# taz.de -- Film über Prekariat: Der Staat hat keinen Spaß daran
       
       > "Das traurige Leben der Gloria S." ist ein witziger Film über eine
       > erfolglose Schauspielerin. Sie will als Hartz-IV-Mutter berühmt werden.
       
 (IMG) Bild: Gloria S. will berühmt werden. Die Kamera ist immer dabei.
       
       Christine Groß und Ute Schalls "Ich muss mich künstlerisch regenerieren"
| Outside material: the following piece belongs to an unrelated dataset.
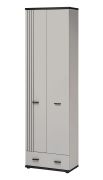 Garderobenschrank | 2 Drehtüren | Farbe: Kaschmir / Schwarz | 1 ausziehbare Kleiderstange | Maße: 60 x 32 x 203 cm | 1 Schublade | 2 Fächer | für den Vorraum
       lief vor zwei Jahren auf der Berlinale, gewissermaßen als Kurzversion des
       Films "Das traurige Leben der Gloria S.". Zwischen 2001 und 2007 waren Groß
       und Schall in dem an Fassbinder orientierten Filmkollektiv "hangover ltd."
       organisiert.
       
       Am Rande der Volksbühne, im Umfeld des Dramatikers und Regisseurs René
       Pollesch, entstanden Filme und Theaterstücke, die klug und oft komisch das
       prekäre Leben engagierter Künstlerinnen thematisierten. Diesem Kontext
       entsprang auch Tatjana Turanskyjs Film "Eine flexible Frau", der von einer
       arbeitslosen Architektin erzählt und vor zwei Jahren auf der Berlinale
       gefeiert wurde.
       
       Die Geschichte des "Traurigen Lebens der Gloria S." ist einfach: Die
       Schauspielerin Gloria (Christine Groß) ist erfolglos. In ihrer
       Theatergruppe kriselt es. Das Geld ist alle. Die Beziehung zu ihrer
       Freundin ist auch nicht mehr das, was sie mal war. Ihr gegenüber steht die
       halbwegs etablierte Regisseurin Charlotte (Nina Kronjäger), die gerade
       ihren Film über Ulrike Meinhof fertiggestellt hat.
       
       Auf der Premiere kommt der Film beim Publikum und der Presse ganz gut an.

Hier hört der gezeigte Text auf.